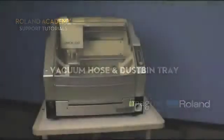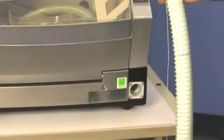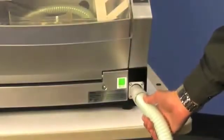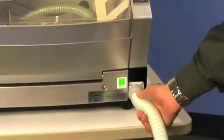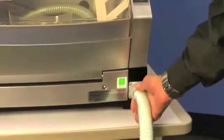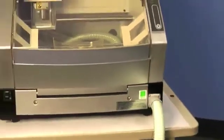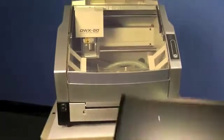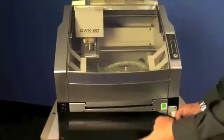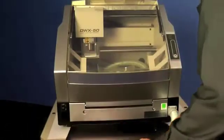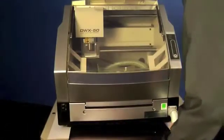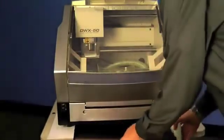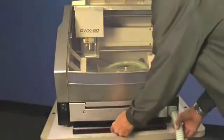Next you will insert the dust collection hose into the hole in the front right side of the machine. We also recommend grounding the wire to the Phillips head screws located in the same position. Next, slide the dust collection tray underneath the machine between the two rubber feet.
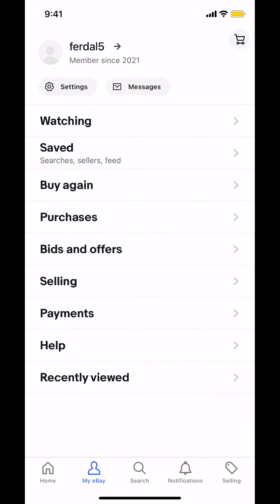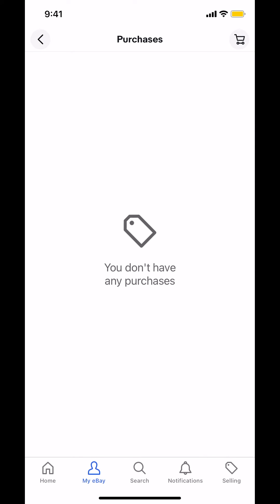Once you're on this main screen, look at the middle of your screen. Make sure you tap on where it says 'Purchases.' Then you can see what you have purchased — and that's how you view your purchase history on the eBay app.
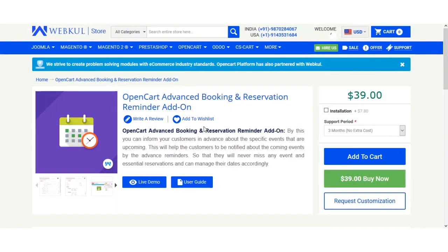Hello and welcome to this video tutorial of OpenCart Advanced Booking and Reservation Reminder add-on. In today's tutorial, we'll be showing you how to get the access token for the module configuration setting. To get the access key, we need to go to the MSG91 website and log in with our account. If you don't have an account, you can create one first, and after that navigate to the access key section to receive your access key to use in the module configuration settings.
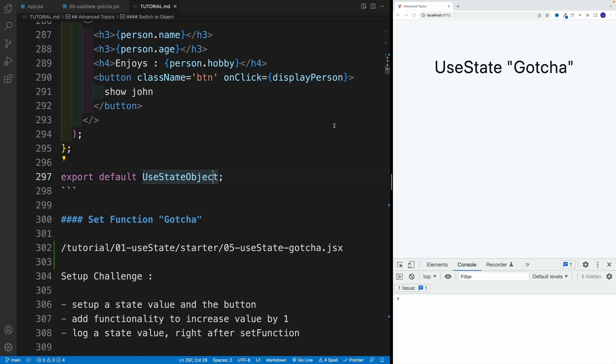Okay, before we wrap up useState and move on to the next topic, let's also cover set function gotcha, which by the way, we already touched upon. Let's take a look at the fix and a good use case for using the fix. And first,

▶ EXERCISE INSTRUCTIONS: Omit each picture, then return all of the listing exactly as it stands.

▶ EXERCISE OUTPUT:
Next you will insert the dust collection hose into the hole in the front right side of the machine. We also recommend grounding the wire to the Phillips head screws located in the same position. Next, slide the dust collection tray underneath the machine between the two rubber feet.
Once you're on this main screen, look at the middle of your screen. Make sure you tap on where it says 'Purchases.' Then you can see what you have purchased — and that's how you view your purchase history on the eBay app.
Hello and welcome to this video tutorial of OpenCart Advanced Booking and Reservation Reminder add-on. In today's tutorial, we'll be showing you how to get the access token for the module configuration setting. To get the access key, we need to go to the MSG91 website and log in with our account. If you don't have an account, you can create one first, and after that navigate to the access key section to receive your access key to use in the module configuration settings.
Okay, before we wrap up useState and move on to the next topic, let's also cover set function gotcha, which by the way, we already touched upon. Let's take a look at the fix and a good use case for using the fix. And first,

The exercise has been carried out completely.